Friday, February 8, 2008

Prep school fashion bubble

I've discovered very recently that I live in a fashion bubble. Heels and cocktail dresses are worn to class on a fairly regular basis (weather permitting, which unfortunately has not been the case recently), ballet flats are practically imperative for more "casual" wear, pearl necklaces and headbands are the daily accessories, tailored blazers and peacoats are thrown on when there's nothing else to wear, and no one cares that you spent $400 on a pair of shoes because that cashmere sweater of the girl sitting next to you in English class probably costs just as much.

I used to read posts from teenage girls on certain web forums complaining about the "Hollicrombie" fashion bubble they live in, where Abercrombie jeans and Hollister henleys are the unofficial uniform and Juicy Couture is couture, and seriously could not fathom attending a school like that because my prep school is such a different world from the majority of educational institutions out there.

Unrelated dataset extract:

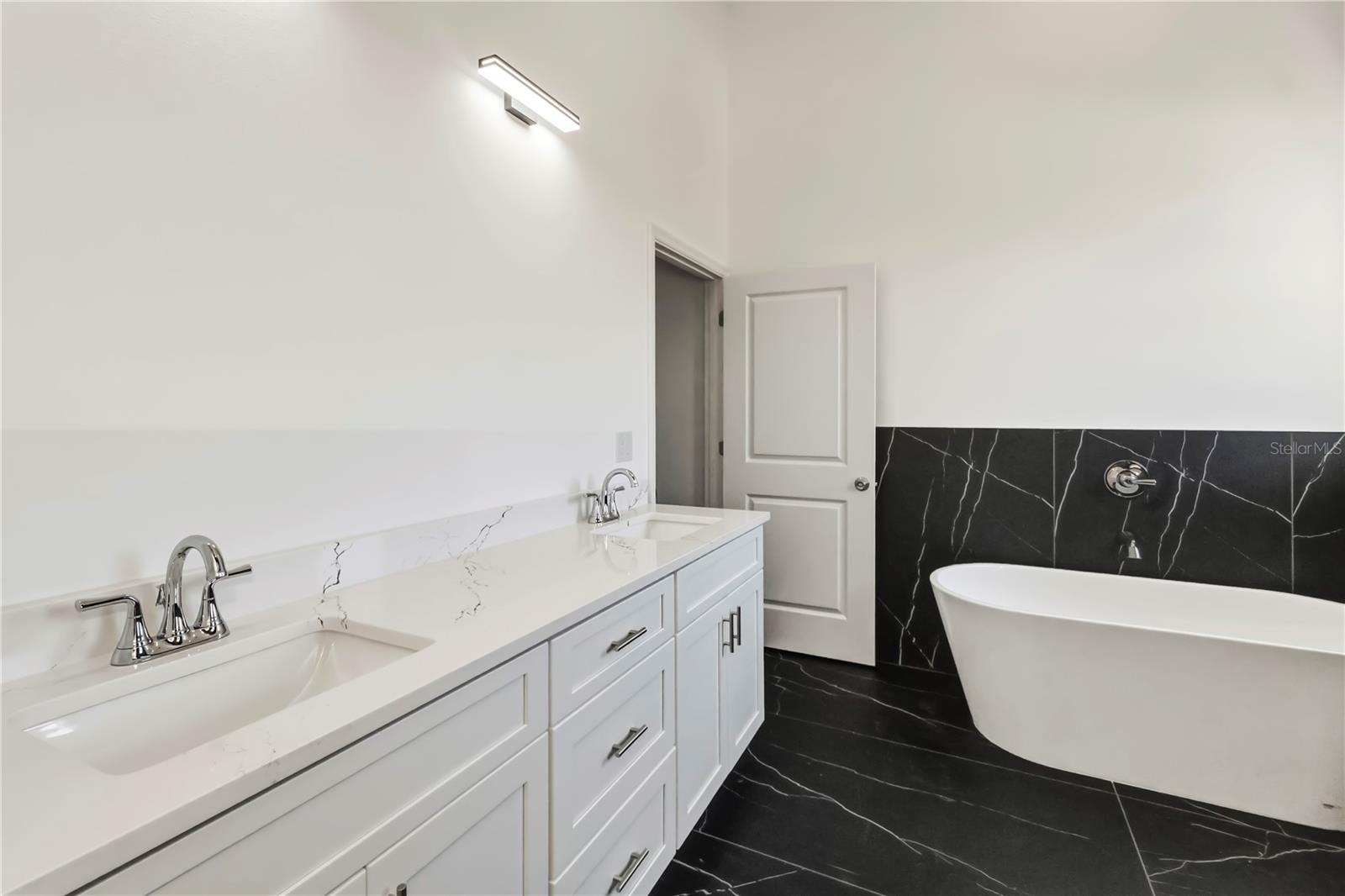 Spa Inspired Primary Bath with Dual Vanities.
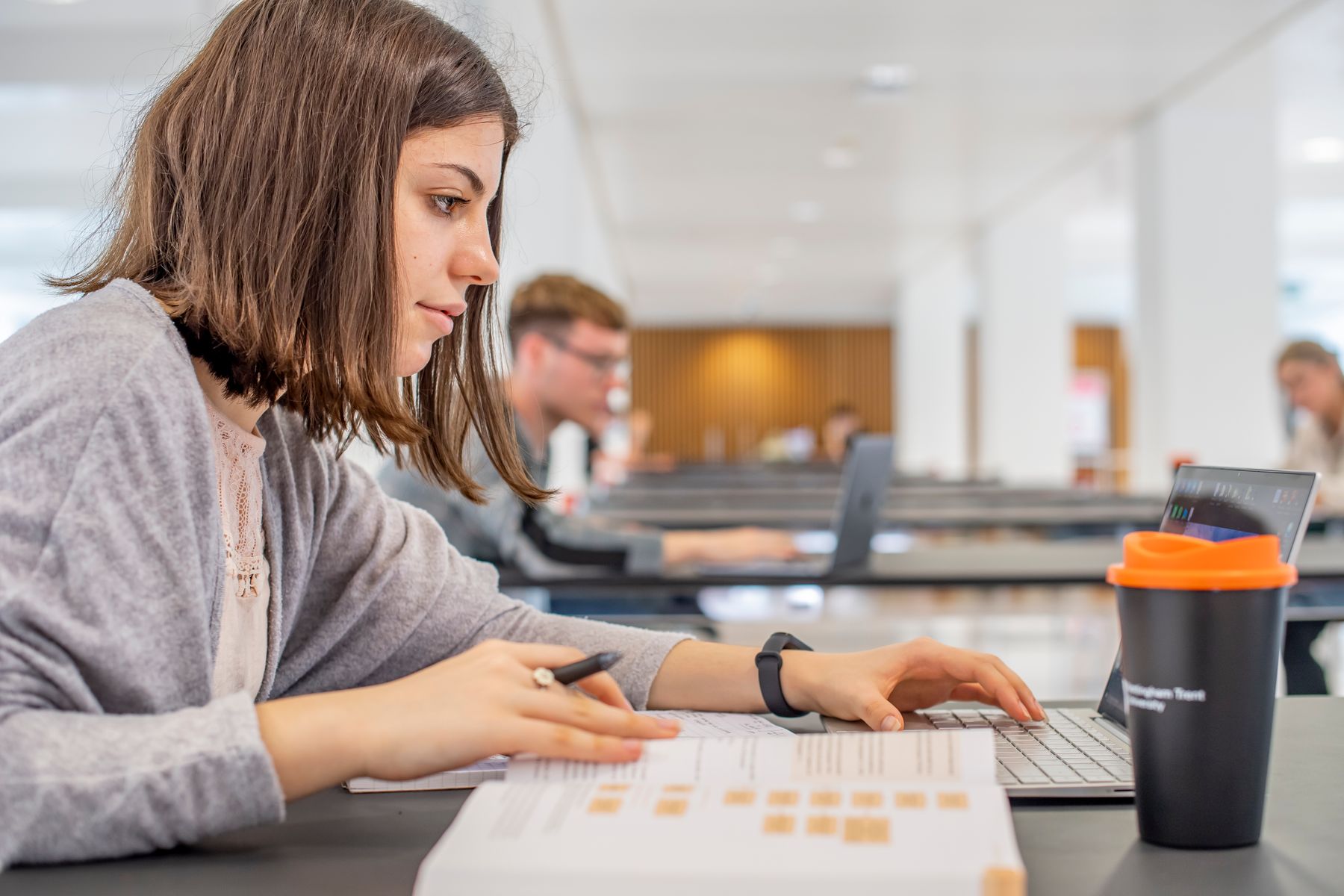 Student studying in Newton Building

Fortunately, a recent trip to Las Vegas with some fellow cheerleaders from outside of my school opened up my eyes to the world of teenage fashion that I had never been in contact with. My friends wore UGG boots, Abercrombie polos, True Religion jeans, Tiffany & Co. necklaces, and Northface jackets -- occasionally layering a Hollister laced camisole underneath.

"Wow, you're so private school," commented one of my friends as we were walking along the Strip. I thought it was an insult at first, but apparently it was meant to be a comment of admiration and awe. I chose to wear a black cocktail dress with comfortable patent leather yellow flats and sweater tights underneath -- it was cold outside, after all.

And so I pondered for the next few weeks about what it meant to look "private school" -- and I have a feeling that 'Gossip Girl' had something to do with this perception of appearances. Yet, I scoff at the complaints of certain teenage girls who complain about the "Hollicrombie" fashion bubble they live in, because the other side of the teenage style spectrum is a bubble too. There shouldn't be an elitist attitude between choosing to wear a t-shirt from American Eagle or a t-shirt from James Perse; when you're choosing between Burger King french fries and truffle oil french fries, the taste and quality of the truffle fries might be superior but you're essentially digesting the same number of calories.

I'm ashamed to admit that while I consider myself a young burgeoning connoisseur of everything related to fashion, I do not know much about typical teenage fashion. I'm blessed to attend a school where I can dress up as much as I want and wear anything I so please, where individual expression through fashion is fabulously prevalent. I've become so indulged in "high fashion" that I don't realize that most of the American teenage population doesn't dress like this. Blair Waldorf from 'Gossip Girl' would absolutely love my school, if she decided to leave the Upper East Side for California.

Yet, style is something we must cultivate on our own -- no matter which bubble we live in. After all, even "fashionable" prep schools have fashion mishaps of their own. Fellow student walking past me, I know those purple-fringed heels cost at least $200, but $40 Ked flats would look so much better with your beige corduroy pants.